The State also looked at the “perfect time” philosophy. Many building officials believe that when an owner/contractor initiates a repair on a property, that it is the right time to require all systems in the unit to be brought into code compliance. Connolly argues that the “perfect time” philosophy needed to be changed. He contends that not only does this philosophy discourage those who want to make improvements, but it also rewards those who refuse to make any improvements. He argues for a more rational approach that results in a healthy and safe unit, while not overburdening the owner with additional – and often – expensive requirements.

The State also examined the fact that implementation of the building code requirements was inconsistent. Since total code compliance was almost impossible to achieve, local building inspectors exercised a great deal of discretion in enforcing and waiving building code rules. This ad hoc enforcement encouraged a system of noncompliance among owners, as consequences for not following requirements were only infrequently enforced.

Crafting a Solution

New Jersey established an advisory committee of over 30 members in an extensive effort to create a code ensuring the health and safety of New Jersey residents, while at the same time reducing costs. According to Connolly, the committee’s focus was to create a code that would apply to existing conditions. It was a simple idea, but one that had not been previously considered. The new code would address health and safety concerns, but would not focus on dimensions and require expensive upgrades that added little to safety. According to Connolly, “We wanted this code to have fewer rules, but we wanted those rules to be very specific and require very little discretion on the part of building code officials.” He cites, for example, the requirement for sprinklers and smoke detectors in reconstructed units. “While these measures vastly improve health and safety,” he said, “they can be retrofitted into existing buildings with little impact on the structure.”

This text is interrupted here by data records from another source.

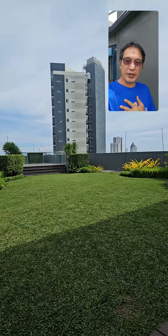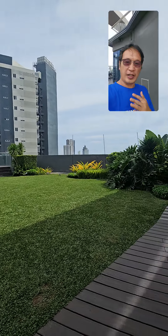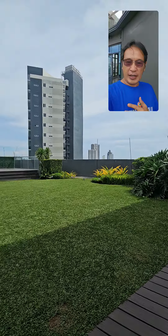Hello, good day! I am here at JIG Tower located near Ayala Business Park. We have an available office for rent here.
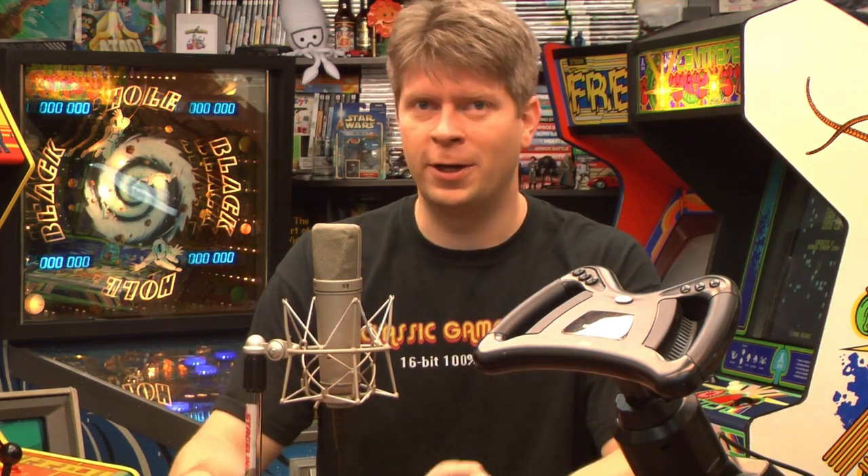Welcome to Classic Game Room. For years I've complained about not having a Sega Saturn racing wheel in the intergalactic space arcade, but thanks to our friend Felicity from England, we now have the Sega Saturn racing wheel here at the intergalactic space arcade.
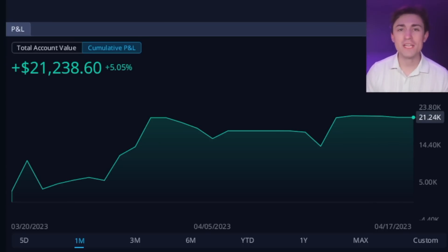Hey guys, welcome back to another video. Today we're taking a look at some of my recent trading performance, and this is actually inspired by a fellow YouTuber in the space.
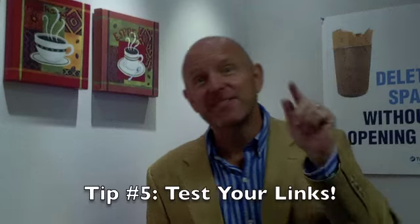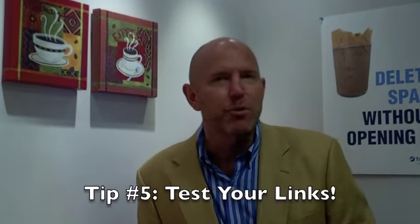Tip number five: test all the links in your email before it goes out. Better yet, have somebody else test it — you'll catch more errors that way.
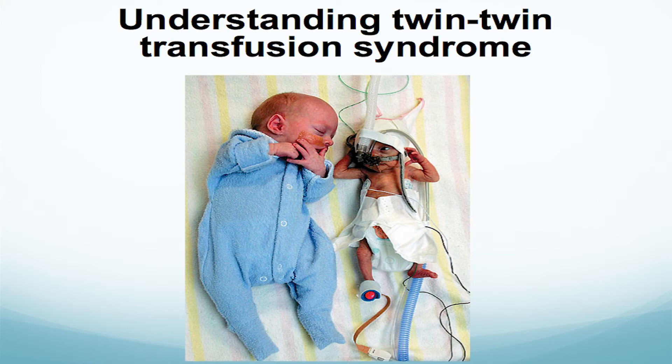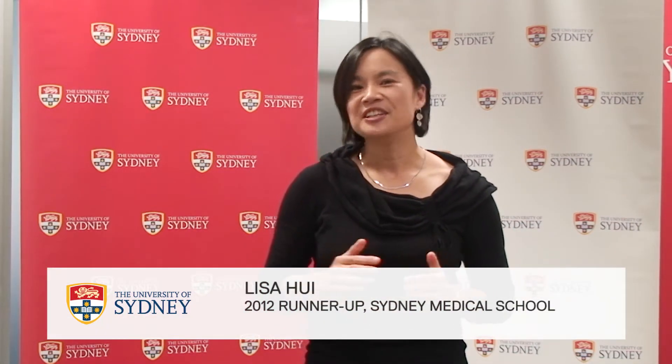Believe it or not, these two newborns are genetically identical twins and they were very lucky to be born alive. So what happened to these two in the womb? They are survivors of a condition called twin-twin transfusion syndrome, a unique disease that only affects twins that share a single placenta. You could think of it as a very early form of sibling rivalry.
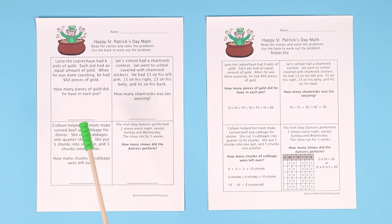So let's look at the first one for an example. Larry the leprechaun had six pots of gold. Each pot had an equal amount of gold. When he was done counting, he had 60 pieces of gold. How many pieces of gold did he have in each pot?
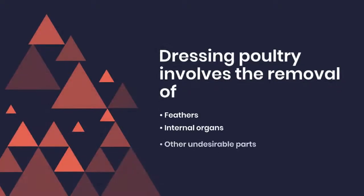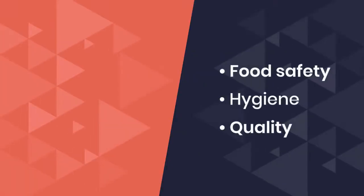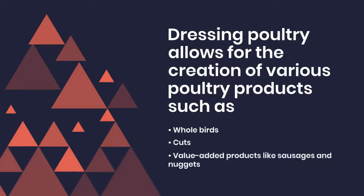Dressing poultry involves the removal of feathers, internal organs, and other undesirable parts, making the bird suitable for consumption. This process ensures food safety, hygiene, and quality. Furthermore, dressing poultry allows for the creation of various poultry products, such as whole birds, cuts, and value-added products like sausages and nuggets.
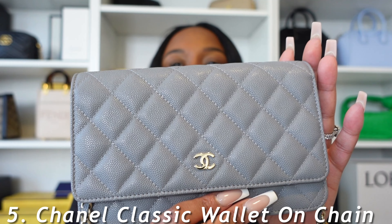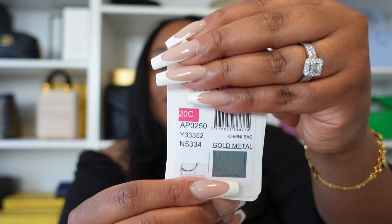Coming in at number five is my oldest Chanel bag — my Chanel Wallet on Chain in this beautiful gray color. I brought out my receipts so we can take a look. This particular bag is from the 20C collection with champagne gold hardware. This was before Chanel switched over to microchips, so I do have an authenticity card. I got this from a Kylie Robinson.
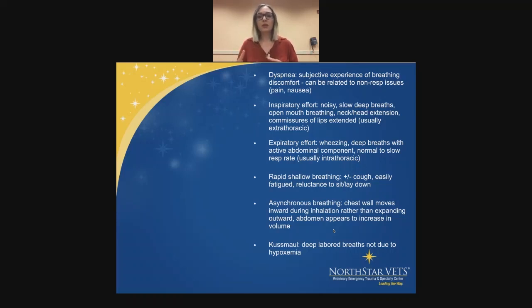Expiratory effort: you might have some wheezing, deeper breaths, and usually an active abdominal component to the breath. They might have a normal to slow or slightly elevated respiratory rate. This one is usually going to be intrathoracic — within the chest cavity. They might also have rapid shallow breathing where they may or may not cough, but they're going to be easily fatigued and may be reluctant to sit or lie down — they just might seem uncomfortable.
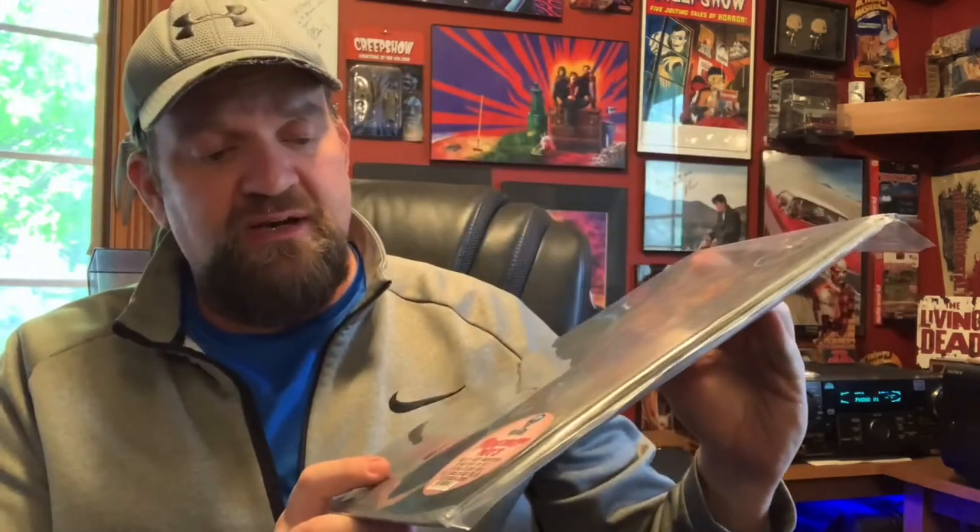Hey everybody, welcome back to H&S Collectibles. This is Cody. So it's Colored Vinyl Tuesday, and this is one that was just in the hall this past weekend — the Friday the 13th Part 3 Waxwork soundtrack.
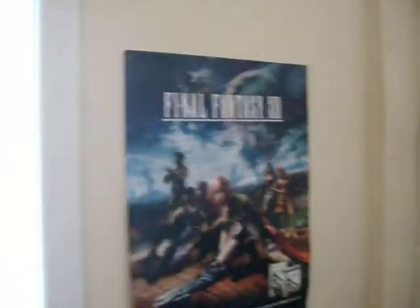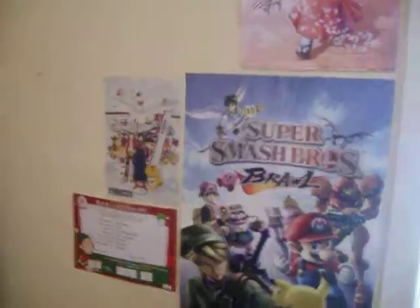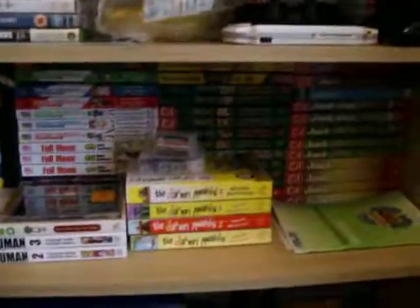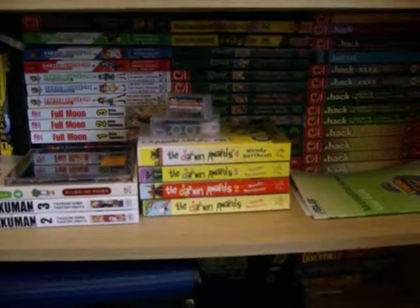I also have various posters around my room — I have a long Sion picture, various figure boxes up there, posters and stuff. I have quite a big anime and manga collection that I share with my boyfriend. We have lots — there's some down here but it's kind of hidden by stuff at the minute.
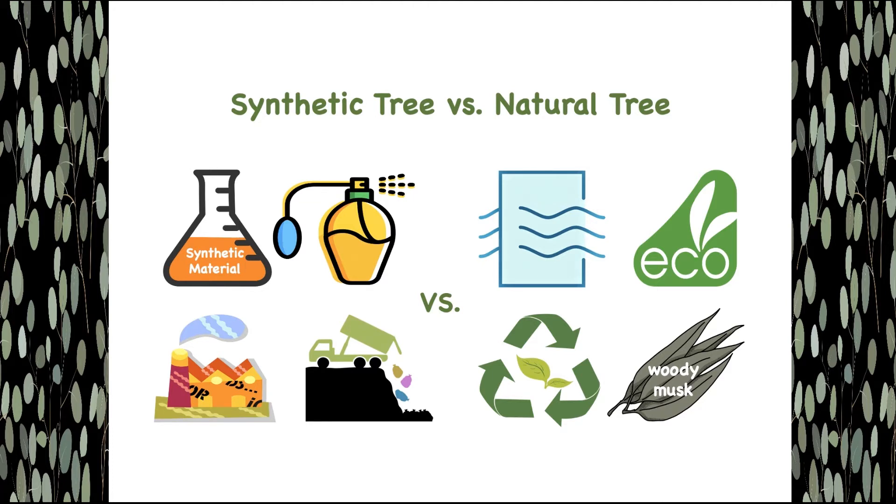Moreover, made with dyes in large factories, they only contribute to our growing pollution problems. Once they get broken or the colors fade, the trees will eventually sit in a landfill. Hence, they are not eco-friendly.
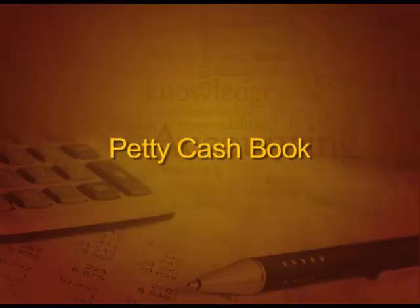Welcome students. Today's lecture, we are going to start with petty cash book. As we have discussed three types of cash book in our last session, that is single column cash book, double column cash book and petty cash book. So, today our discussion will start with petty cash book and then we will proceed to other books.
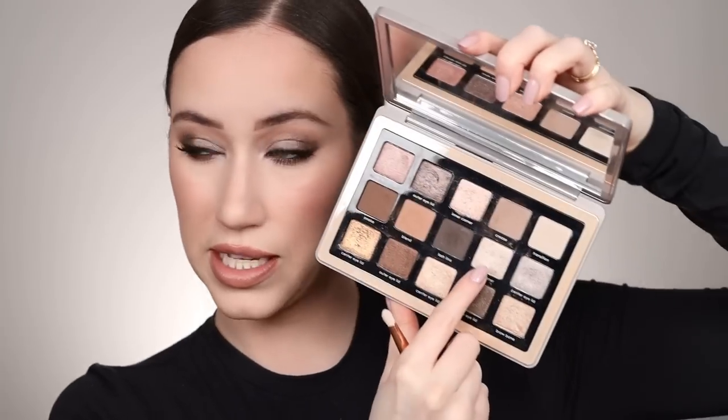I'm adding a little more bronzer, then I feel like we need a little inner corner brightness. Going back into the Natasha Denona palette for the shade called 'Inner Corner' — I'm popping that in the inner corner focusing more on the top lid than the bottom lid, just to add a bit of brightness there.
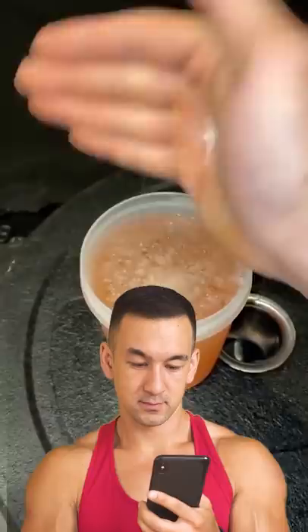So basically after that whole mess of supplements, the only useful pre-workout ingredients here are the caffeine and maybe that little bit of extra salt.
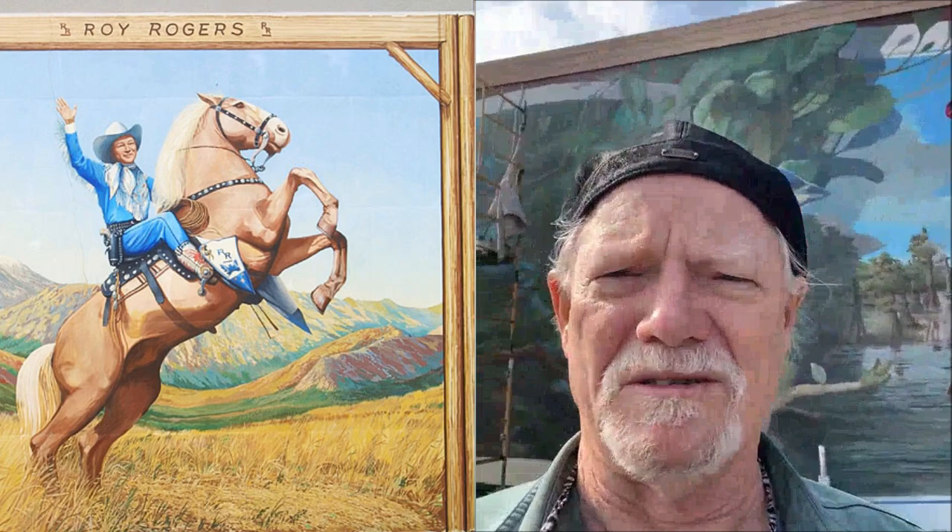I am Robert Dafford. I am in Lafayette, Louisiana, USA. I am on the site of a mural in downtown Lafayette — a piece about the environment.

The Results Are In. The News Is Good.

New Jersey has seen positive results with its new rehab subcode. So far, the subcode has:

· Lowered project costs and made more projects feasible. For example, the owner of a five-story affordable apartment complex in Jersey City estimated that the cost of bringing the building into full code compliance would be approximately $480,000. Since rents in the area would not support such costs, he had not undertaken the work. After passage of the new code, he calculated the rehabilitation cost to be about $300,000; a savings of over 37 percent.

· Generated dramatic increases in the estimated dollar amount of rehabilitation. Prior to enactment, rehabilitation contracts increased about 15 percent a year in central city areas of New Jersey. For the two years following enactment of the new code, such contracts in central city areas jumped 60 percent.

· Provided a model for other areas across the country. Since New Jersey’s adoption of the rehabilitation code, Maryland and Rhode Island have adopted similar codes. In addition, the new International Existing Buildings Code and NFPA 5000, Chapter 15 have incorporated many of the features contained in the New Jersey subcode.

To learn more abut this Garden State success story, visit or call the Code Assistance Unit at New Jersey Department of Community Affairs at (609) 984–7609.

Jacksonville Takes Steps to Reduce Opposition to Manufactured Housing

For many communities, manufactured housing can provide a solution to an affordable housing crunch. Yet the placement of this housing can be a source of controversy within the community. Jacksonville, Florida faced this very dilemma and came up with a workable solution.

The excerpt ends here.